Can’t Resist Carrot Cake

We all have those recipes that are like jewels, much coveted and ultimately prized – they become this from being so good you can’t resist them, and because you end up making them time and time again. Hence, I came up with the name of this Carrot Cake because it is so damned moreish that I may have well called it Crack Carrot Cake! Such was its reputation I made it day in and day out for our first café, and requests for the recipe used to come thick and fast from its loyal following.

It’s a remarkably simple recipe, no fancy food mixers needed, although I do use an old-fashioned handheld whisk to beat the oil and sugar. It’s ready in less than hour from start to finish and will elevate your baking reputation to superstar overnight. Perfect for any teatime, but really suits an Easter celebration. You can have some fun with young bakers by making sugar paste carrots to adorn rather than walnuts, and I always find there are plenty of willing volunteers to help clean the cream cheese frosting bowl…

Can’t Resist Carrot Cake

Recipe by Gemma SimmoniteCourse: Dessert, CakeDifficulty: Easy


  • Butter for greasing

  • 200g plain flour, sifted

  • 1 teaspoon of bicarbonate of soda

  • 1 ½ teaspoon of baking powder

  • 1 teaspoon of salt

  • 1 ½ teaspoon of mixed spice

  • 225g of soft light brown sugar

  • 225ml of flavourless oil, I used vegetable oil but you could also use sunflower or rapeseed.

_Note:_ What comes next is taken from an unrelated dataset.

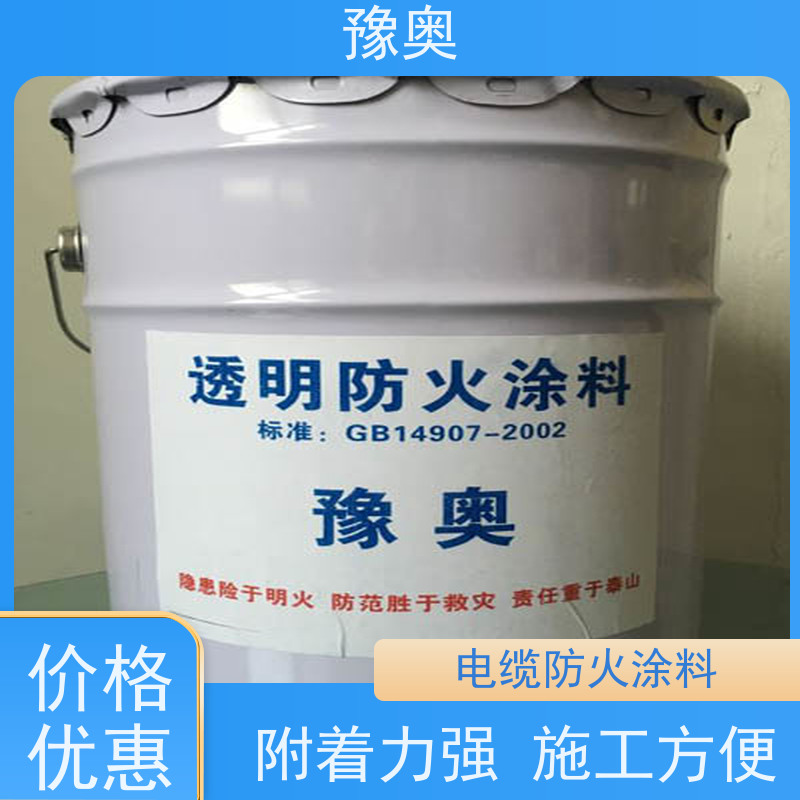 豫奥 薄型防火涂料 防腐耐热低碳环保 品类齐全 经久耐用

  • 3 large free-range eggs

  • 200 g grated carrots – approximately 3/4 carrots depending on size

  • 100g g broken walnuts, (but pecans would be delicious too) Reserve 8 left whole for decorating.

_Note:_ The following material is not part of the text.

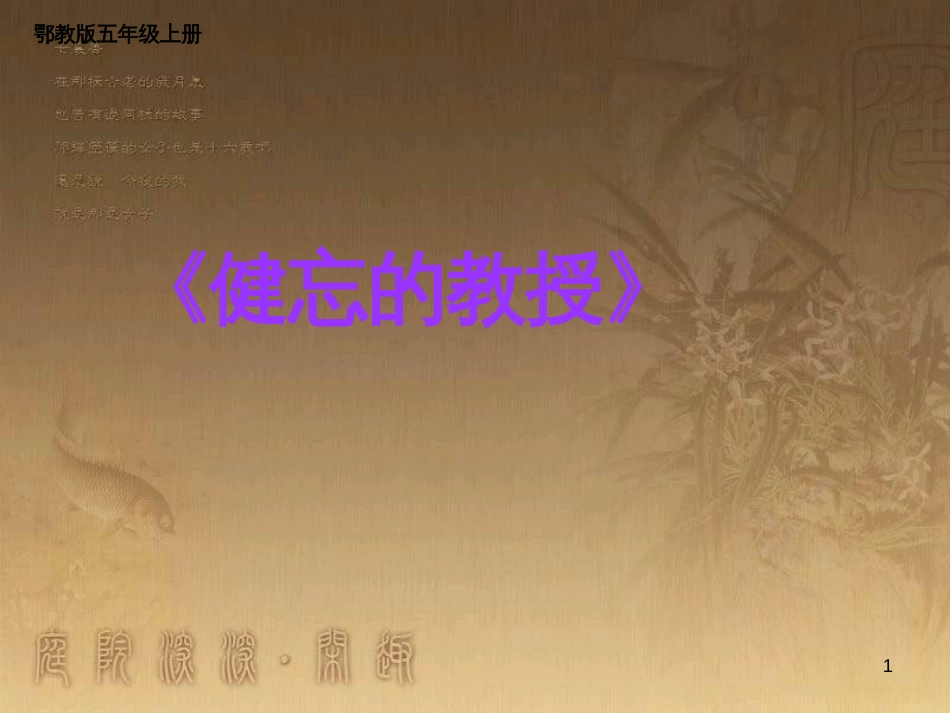五年级语文上册 第八单元 健忘的教授课件4 鄂教版_第1页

  • For the Cream Cheese Frosting
  • 375g cream cheese, at room temperature

  • 90g butter, at room temperature

  • ½ teaspoon of vanilla extract

  • A dash of lemon juice

  • 125g icing sugar, sifted


  • Preheat the oven to 170C/325F
  • Grease 2 x 8-inch sandwich cake tins with butter and line with greaseproof paper
  • Sift the flour, bicarbonate of soda, baking powder, salt, and the mixed spice into a large bowl.
  • Whisk the oil and the light brown sugar in a large jug, then beat in the eggs one at a time until thick and incorporated, then pour into the flour mixture.
  • Add the carrots and the nuts of choice and mix until no flour is visible, and all the ingredients are incorporated.
  • Pour the mixture into the prepared tins, making sure there is an equal amount in each.
  • Bake in the oven for around 25-35 minutes – the cakes are ready when the cake is risen, no longer feels wobbly on top, and springs back when pressed.
  • Leave to cool in tin, then turn out onto a cooling rack.
  • For the frosting
  • In a bowl beat the cream cheese, butter, vanilla extract and lemon juice on medium high until light and whippy, then incorporate the icing sugar and beat again.
  • To decorate
  • Determine the top and bottom of the cake halves and arrange the bottom half on a plate or cake stand of your choice. With a palette knife generously slather the frosting on the bottom half, do this confidently – if you dither or are too sparing with the frosting the carrot cake will crumble into your frosting. Make sure to push the frosting to the outside edges of your cake, which will give the end appearance a full and bountiful look. Carefully arrange the top cake layer, and frost in the same way.
  • When finished swish the palette knife to ruffle the frosting.
  • Place reserved walnut halves/sugar paste carrots around the top of the cake.


  • Place reserved walnut halves/sugar paste carrots around the top of the cake.